Two months ago, I asked foreign office ministers what meetings they’d had where Cop26 was the focus of discussion. They sent me a spreadsheet that hadn’t been updated since 2020. It then transpired there were no dedicated foreign office meetings in the second half of last year, and the prime minister has had only one Cop26 meeting this year. One of the four he had in 2020 was with BP.

Boris Johnson’s “international diplomacy” ahead of Cop26 has consisted of lecturing other countries about the need for ambition and action, while at home his government takes almost no action at all or, worse, undermines the chances of success.
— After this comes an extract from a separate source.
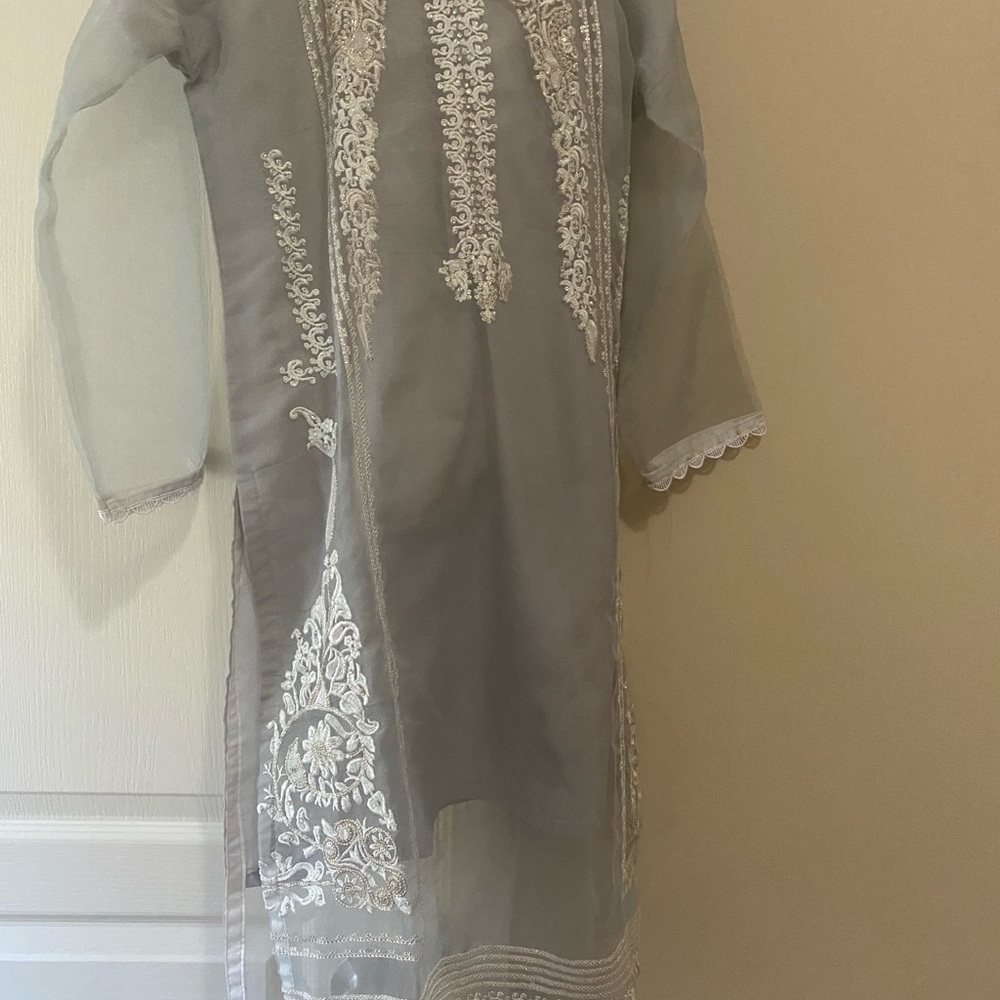 New three piece suit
While Alok Sharma is calling on other countries to increase climate finance to poorer countries, which he has rightly called “a matter of trust”, his government cuts overseas aid and uses part of the money to claim it is meeting climate finance commitments. That doesn’t fool anyone, least of all the global south.

We have just had a budget and spending review from the chancellor where the words climate and nature were not even mentioned in his speech to MPs. This was the last big chance before Cop26 for the government to show it is serious about tackling the climate and nature crises – and it blew it.
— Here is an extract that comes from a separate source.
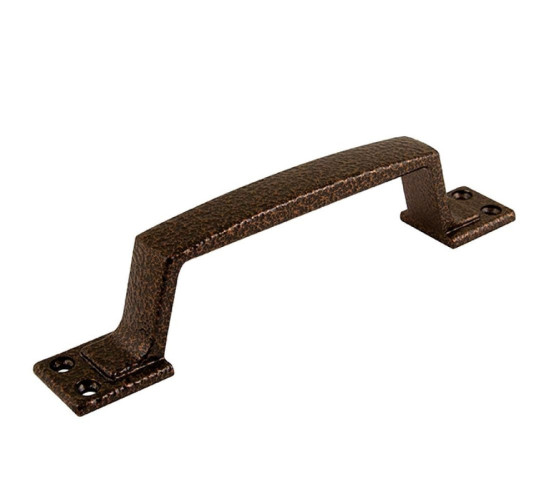 Омега Ручка-скоба РС-80  медь 14612752548013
No wonder Johnson is now talking down the prospects of a successful summit, saying it is “touch and go”. 

What makes this worse is that there is a clear mandate for progress: there’s huge public support for bold and ambitious action, and the extreme weather events of the past two years have shown the urgency of cutting emissions – not by 2050 but in the next decade.

As the IPCC report this summer made clear, we are in danger of hitting 1.5C of heating in the near term and certainly well before mid-century if the world fails to cut emissions fast. The latest emissions gap report from the UN Environment Programme says the new, supposedly more ambitious climate pledges that countries have come up with ahead of Cop26 actually put the world on track for an average global temperature rise of 2.7C by the end of this century – and that is if the pledges are met.

If we are to keep 1.5C alive, one of the key objectives of the summit, global emissions need at least to halve this decade. And the UK along with other advanced economies, which in Johnson’s own words have “reaped the benefits of untrammelled pollution for generations, often at the expense of developing countries”, must move even faster.

This isn’t just a matter of global climate leadership, which the prime minister so often boasts about, it is a question of climate justice. Despite the current finger-pointing at China and India, the fact is that Europe and North America are overwhelmingly responsible for the carbon emissions pumped into the atmosphere over the past 150 years. The principle of “polluter pays” means the richest countries need to meet the cost of that damage.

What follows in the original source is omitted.